Items listed in a dataset

_ _ _ _ _

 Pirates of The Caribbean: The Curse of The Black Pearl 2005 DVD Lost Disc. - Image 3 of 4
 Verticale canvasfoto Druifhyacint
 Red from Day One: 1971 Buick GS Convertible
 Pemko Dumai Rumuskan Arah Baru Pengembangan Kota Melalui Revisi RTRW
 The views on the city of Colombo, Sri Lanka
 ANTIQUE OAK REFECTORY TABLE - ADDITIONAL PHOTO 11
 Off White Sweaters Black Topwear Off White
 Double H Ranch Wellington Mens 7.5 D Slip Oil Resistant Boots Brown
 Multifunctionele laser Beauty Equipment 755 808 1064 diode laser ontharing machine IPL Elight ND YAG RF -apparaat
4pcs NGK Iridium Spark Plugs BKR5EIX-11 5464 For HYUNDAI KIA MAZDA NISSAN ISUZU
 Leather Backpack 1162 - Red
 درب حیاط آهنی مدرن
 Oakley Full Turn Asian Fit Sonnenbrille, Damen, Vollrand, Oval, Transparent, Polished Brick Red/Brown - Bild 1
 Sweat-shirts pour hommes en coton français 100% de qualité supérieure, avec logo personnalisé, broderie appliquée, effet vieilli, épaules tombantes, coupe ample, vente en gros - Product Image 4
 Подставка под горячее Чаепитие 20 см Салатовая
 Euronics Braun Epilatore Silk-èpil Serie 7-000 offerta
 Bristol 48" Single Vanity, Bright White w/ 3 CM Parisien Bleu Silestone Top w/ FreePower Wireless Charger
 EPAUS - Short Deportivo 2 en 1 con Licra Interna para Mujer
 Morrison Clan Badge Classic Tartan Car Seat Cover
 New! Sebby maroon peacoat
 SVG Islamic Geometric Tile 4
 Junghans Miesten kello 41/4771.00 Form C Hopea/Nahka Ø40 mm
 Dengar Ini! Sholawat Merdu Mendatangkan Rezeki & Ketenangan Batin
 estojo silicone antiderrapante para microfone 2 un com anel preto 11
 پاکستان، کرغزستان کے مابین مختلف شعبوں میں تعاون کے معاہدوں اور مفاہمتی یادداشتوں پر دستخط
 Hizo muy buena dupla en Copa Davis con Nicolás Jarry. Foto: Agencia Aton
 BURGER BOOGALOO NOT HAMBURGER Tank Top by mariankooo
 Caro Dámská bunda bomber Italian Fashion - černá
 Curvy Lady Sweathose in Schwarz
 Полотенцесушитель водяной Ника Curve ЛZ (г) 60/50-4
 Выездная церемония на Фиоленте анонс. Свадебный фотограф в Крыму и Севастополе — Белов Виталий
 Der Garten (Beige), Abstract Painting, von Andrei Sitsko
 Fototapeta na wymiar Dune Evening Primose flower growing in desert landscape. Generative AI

_ _ _ _ _

Problem details: Repeat each of the entries above precisely as given.

Written answer:
 Pirates of The Caribbean: The Curse of The Black Pearl 2005 DVD Lost Disc. - Image 3 of 4
 Verticale canvasfoto Druifhyacint
 Red from Day One: 1971 Buick GS Convertible
 Pemko Dumai Rumuskan Arah Baru Pengembangan Kota Melalui Revisi RTRW
 The views on the city of Colombo, Sri Lanka
 ANTIQUE OAK REFECTORY TABLE - ADDITIONAL PHOTO 11
 Off White Sweaters Black Topwear Off White
 Double H Ranch Wellington Mens 7.5 D Slip Oil Resistant Boots Brown
 Multifunctionele laser Beauty Equipment 755 808 1064 diode laser ontharing machine IPL Elight ND YAG RF -apparaat
4pcs NGK Iridium Spark Plugs BKR5EIX-11 5464 For HYUNDAI KIA MAZDA NISSAN ISUZU
 Leather Backpack 1162 - Red
 درب حیاط آهنی مدرن
 Oakley Full Turn Asian Fit Sonnenbrille, Damen, Vollrand, Oval, Transparent, Polished Brick Red/Brown - Bild 1
 Sweat-shirts pour hommes en coton français 100% de qualité supérieure, avec logo personnalisé, broderie appliquée, effet vieilli, épaules tombantes, coupe ample, vente en gros - Product Image 4
 Подставка под горячее Чаепитие 20 см Салатовая
 Euronics Braun Epilatore Silk-èpil Serie 7-000 offerta
 Bristol 48" Single Vanity, Bright White w/ 3 CM Parisien Bleu Silestone Top w/ FreePower Wireless Charger
 EPAUS - Short Deportivo 2 en 1 con Licra Interna para Mujer
 Morrison Clan Badge Classic Tartan Car Seat Cover
 New! Sebby maroon peacoat
 SVG Islamic Geometric Tile 4
 Junghans Miesten kello 41/4771.00 Form C Hopea/Nahka Ø40 mm
 Dengar Ini! Sholawat Merdu Mendatangkan Rezeki & Ketenangan Batin
 estojo silicone antiderrapante para microfone 2 un com anel preto 11
 پاکستان، کرغزستان کے مابین مختلف شعبوں میں تعاون کے معاہدوں اور مفاہمتی یادداشتوں پر دستخط
 Hizo muy buena dupla en Copa Davis con Nicolás Jarry. Foto: Agencia Aton
 BURGER BOOGALOO NOT HAMBURGER Tank Top by mariankooo
 Caro Dámská bunda bomber Italian Fashion - černá
 Curvy Lady Sweathose in Schwarz
 Полотенцесушитель водяной Ника Curve ЛZ (г) 60/50-4
 Выездная церемония на Фиоленте анонс. Свадебный фотограф в Крыму и Севастополе — Белов Виталий
 Der Garten (Beige), Abstract Painting, von Andrei Sitsko
 Fototapeta na wymiar Dune Evening Primose flower growing in desert landscape. Generative AI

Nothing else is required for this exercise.